Development workflows

As you progress from development to production, deploying changes to Materialize requires different workflows. This page provides an overview of best practices and deployment patterns across the different stages you will progress through using dbt as your deployment tool.

Development

When you’re prototyping your use case and fine-tuning the underlying data model, your priority is iteration speed. dbt has many features that can help speed up development, like node selection and model preview. Before you start, we recommend getting familiar with how these features work with the dbt-materialize adapter to make the most of your development time.

Node selection

By default, the dbt-materialize adapter drops and recreates all models on each dbt run invocation. This can have unintended consequences, in particular if you’re managing sources and sinks as models in your dbt project. dbt allows you to selectively run specific models and exclude specific materialization types from each run using node selection.

Exclude sources and sinks

NOTE: As you move towards productionizing your data model, we recommend managing sources and sinks using Terraform instead.

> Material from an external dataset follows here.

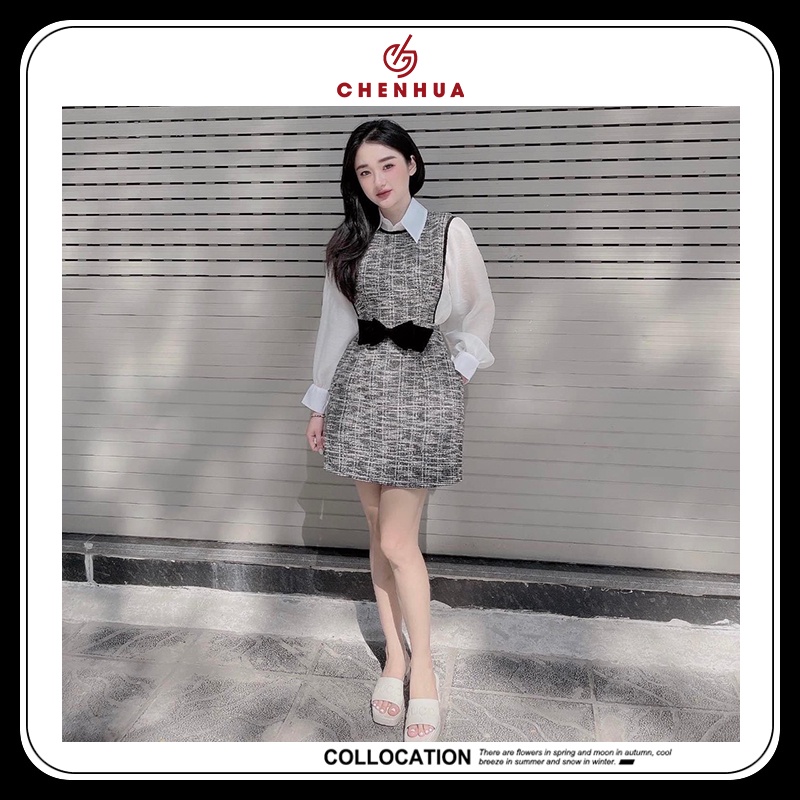 Set váy dạ kèm áo sơ mi váy dạ có lót quần hàng VN47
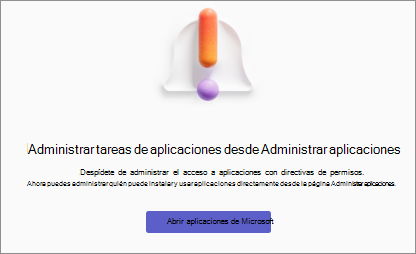 Captura de pantalla que muestra el cambio de la directiva de permisos para las organizaciones que usan la administración centrada en aplicaciones.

You can manually exclude specific materialization types using the exclude flag in your dbt run invocations. To exclude sources and sinks, use:

dbt run --exclude config.materialized:source config.materialized:sink
YAML selectors

Instead of manually specifying node selection on each run, you can create a YAML selector that makes this the default behavior when running dbt:

# YAML selectors should be defined in a top-level file named selectors.yml
selectors:
  - name: exclude_sources_and_sinks
    description: >
      Exclude models that use source or sink materializations in the command
      invocation.      
    default: true
    definition:
      union:
        # The fqn method combined with the "*" operator selects all nodes in the
        # dbt graph
        - method: fqn
          value: "*"
        - exclude:
            - 'config.materialized:source'
            - 'config.materialized:sink'

Because default: true is specified, dbt will use the selector’s criteria whenever you run an unqualified command (e.g. dbt build, dbt run). You can still override this default by adding selection criteria to commands, or adjust the value of default depending on the target environment. To learn more about using the default and exclude properties with YAML selectors, check the dbt documentation.

Run a subset of models

You can run individual models, or groups of models, using the select flag in your dbt run invocations:

dbt run --select "my_dbt_project_name"   # runs all models in your project
dbt run --select "my_dbt_model"          # runs a specific model
dbt run --select "my_model+"             # select my_model and all downstream dependencies
dbt run --select "path.to.my.models"     # runs all models in a specific directory
dbt run --select "my_package.some_model" # runs a specific model in a specific package
dbt run --select "tag:nightly"           # runs models with the "nightly" tag
dbt run --select "path/to/models"        # runs models contained in path/to/models
dbt run --select "path/to/my_model.sql"  # runs a specific model by its path

For a full rundown of selection logic options, check the dbt documentation.

Model results preview

NOTE: The dbt show command uses a LIMIT clause under the hood, which has known performance limitations in Materialize.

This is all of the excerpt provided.